However if you are debugging a problem related to a change to a user policy such as Site administration -> Front page -> Front page settings -> Default front page role, you must logout and log back in after making the change.
Do not log out!
Open a second browser window. In the window, point your browser at rolesdebug.php. The script URL will be something like
Rolesdebug.php will NOT ask you to login because you are already logged in. The script will ask you for three inputs:
- CAPABILITY. If you're only interested in seeing your role assignments and overrides, you can leave this field empty. If you're interested in analyzing a particular permission, you'll need to enter the capability name. For example, if you're interested in the capability that controls your ability to attempt quizzes, enter mod/quiz:attempt.
- CONTEXT TYPE. Choose one of the following from the dropdown menu:
- CONTEXT ID. The context id is a number at the end of the URL of the page you found in STEP 1. See How to determine the context id below.

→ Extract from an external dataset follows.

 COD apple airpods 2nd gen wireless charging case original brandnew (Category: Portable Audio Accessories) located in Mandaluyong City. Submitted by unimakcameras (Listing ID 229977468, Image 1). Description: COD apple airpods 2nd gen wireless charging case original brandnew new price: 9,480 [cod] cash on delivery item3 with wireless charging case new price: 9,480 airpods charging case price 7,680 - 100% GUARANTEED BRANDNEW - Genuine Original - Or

Incidentally, MODULE means activity or resource. There is no FRONT PAGE context. If you're interested in the Front page context, choose COURSE and specify a context id of 1.
Here's an example of input:
Press the Go button. Rolesdebug.php will return a page of information. The main item on the page is a table giving a spatial view of all the role assignments and overrides that affect you in the specified context.
How to read the output
The first three lines of output (1) simply echo your input values, and the next two lines (2) remind you of who YOU are, and tell you the actual name of the context you have selected. Check these carefully to make sure you are who you think you are, and have specified the correct context.

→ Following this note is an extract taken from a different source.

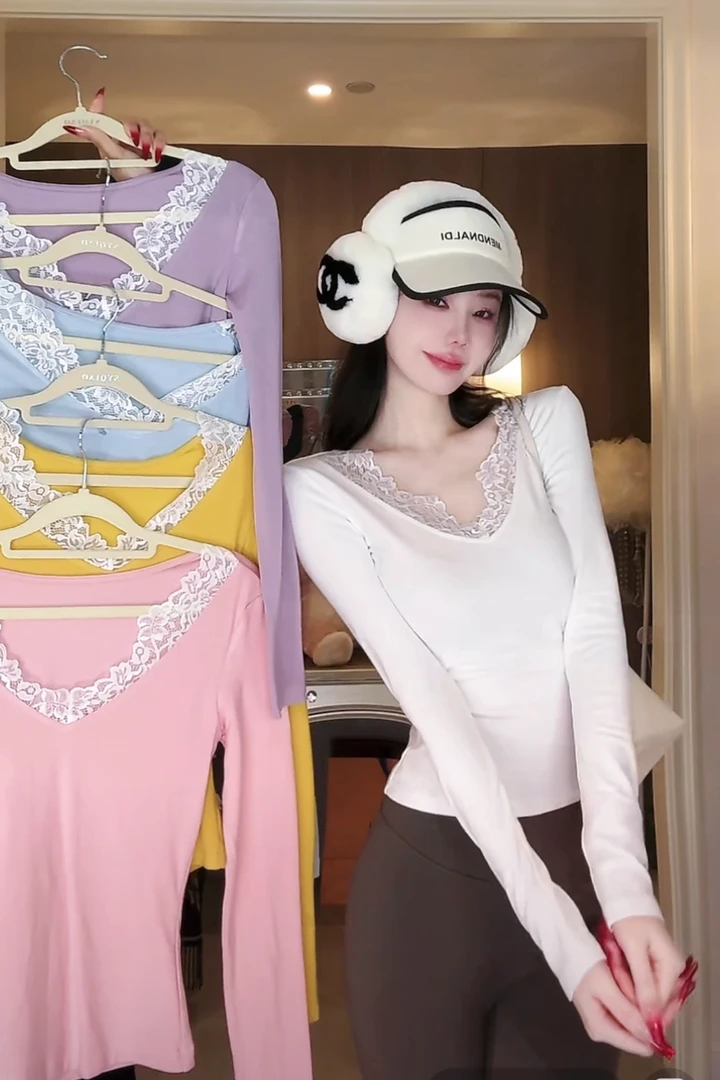 【雅乔定制】多巴胺少女 V领蕾丝拼接打底衫DYCC-24098019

For each of your roles, you will see a line of the form alias = role name where
- role name is the actual role name
- alias is the name used to represent the role in the table
In the example, R7 = user means the the role user (the shortname of Authorized user) will be represented in the table by the alias R7. Aliases are used because long role names could make the table very wide, forcing you to scroll horizontally. By using aliases, the table will hopefully fit in a window, allowing you to see the entire table in a single a glance.
Next comes the table (4). I'll have a lot more to say about the table below.

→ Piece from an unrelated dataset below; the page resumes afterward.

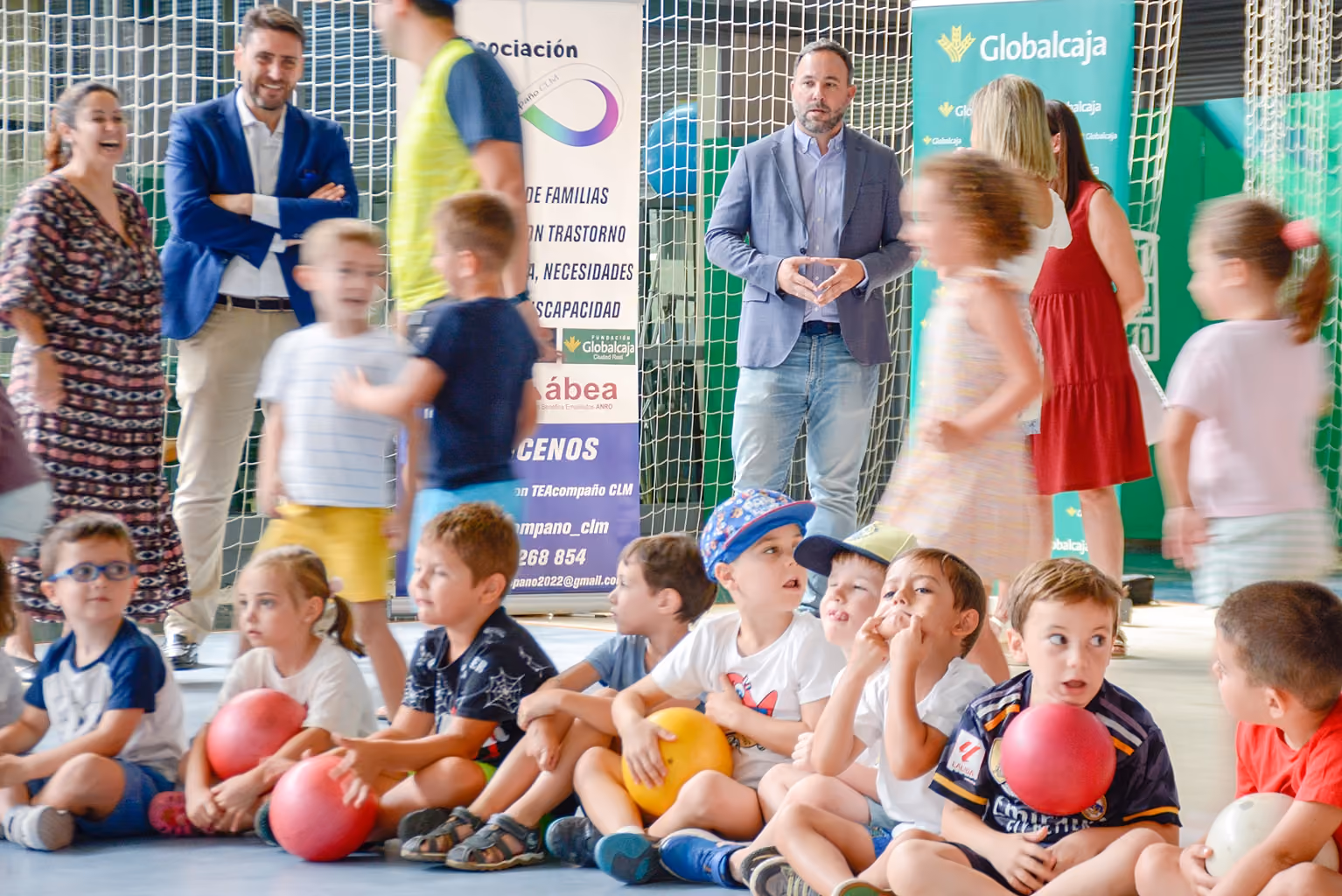 Niños participantes, acompañados por responsables de las entidades participantes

If you specified a capability, then you will see the three lines immediately after the table (5).
- The first line gives the calculated permission, which is based on the table. The value can be either A (Allow) or P (Prevent).
- The second line tells you if you are able to "do anything," that is, if you have moodle/site:doanything = Allow (this is typically only true for administrators)
- The third line tells you if you can "do this." If you can do anything, you can obviously do this regardless of the calculated permission.
How to read the table
If the target context is N levels deep, the table will have N rows and N columns, one for each context level. The example above has four levels:
System | | Category "A" | | Course "cooking" | | Module "quiz-1"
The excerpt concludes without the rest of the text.